We sometimes call \(f(S)\) the \emph{forward image} of \(S\) to distinguish it from the concept of the \emph{inverse image} \(f^{-1}(S)\) of \(S\), which is defined below.

Note that the set \(f(S)\) is well-defined thanks to the axiom of replacement (\AXM{3.6}). One can also define \(f(S)\) using the axiom of specification (\AXM{3.5}) instead of replacement, but we leave this as a
exercise to the reader.

\begin{note}
這邊兩個 examples 都是幹話，跳過。
\end{note}

\begin{additional corollary}
\(y \in f(S) \iff y = f(x) \text{\ for some\ } x \in S\)
\end{additional corollary}

\begin{proof}

\(y \in f(S) \implies y = f(x) \text{\ for some\ } x \in S\): this is explicitly stated in \DEF{3.4.1}.

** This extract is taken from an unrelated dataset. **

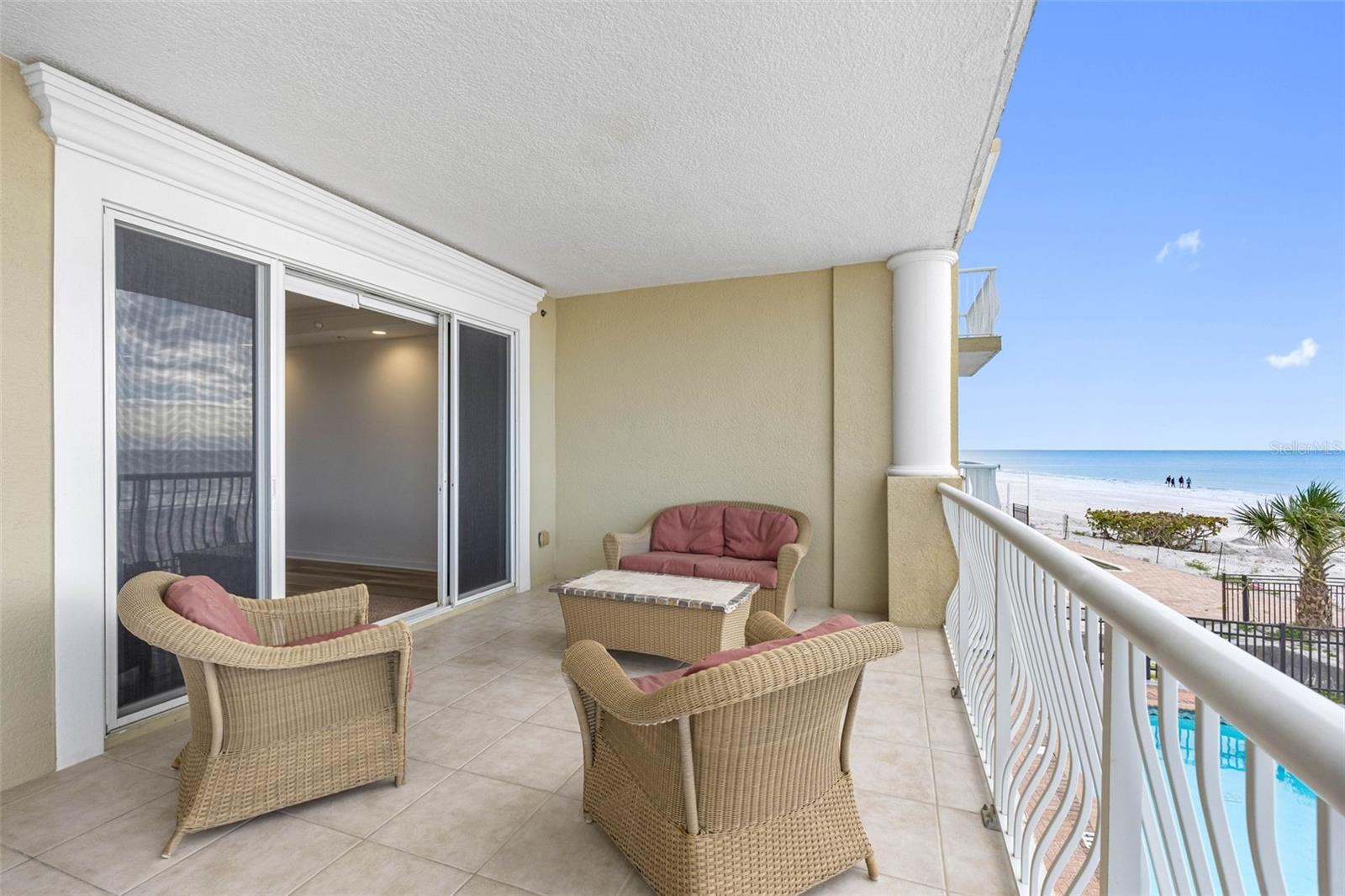 19734 GULF BLVD #202, INDIAN SHORES, FL, 33785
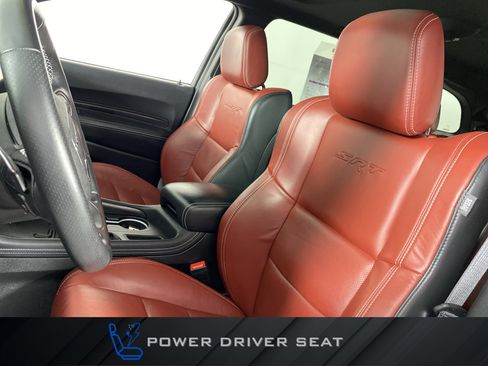 Used 2023 Dodge Durango SRT Hellcat image 19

\(y = f(x) \text{\ for some\ } x \in S \implies y \in f(S)\): the hypothesis is the identity of the image set \(f(S)\), so \(y \in f(S)\).
\end{proof}

\setcounter{theorem}{3}
\begin{definition}[Inverse images] \label{def 3.4.4}
If \(U\) is a subset of \(Y\), we define the set \(f^{-1}(U)\) to be the set
\[
    f^{-1}(U) := \{x \in X : f(x) \in U\}.
\]
In other words, \(f^{-1}(U)\) \textbf{consists of all the elements of \(X\) which map into \(U\)}:
\[
    f(x) \in U \iff x \in f^{-1}(U).
\]
We call \(f^{-1}(U)\) the \emph{inverse image} of \(U\).
\end{definition}

\begin{note}
Note that \(f\) \textbf{does not have to be invertible} in order for \(f^{-1}(U)\) to make sense.
\end{note}

\begin{note}
\(U\) 的\ reverse image 就是所有符合以下條件的\ elements x: (1) \(x \in X\) (2) \(f(x) \in U\).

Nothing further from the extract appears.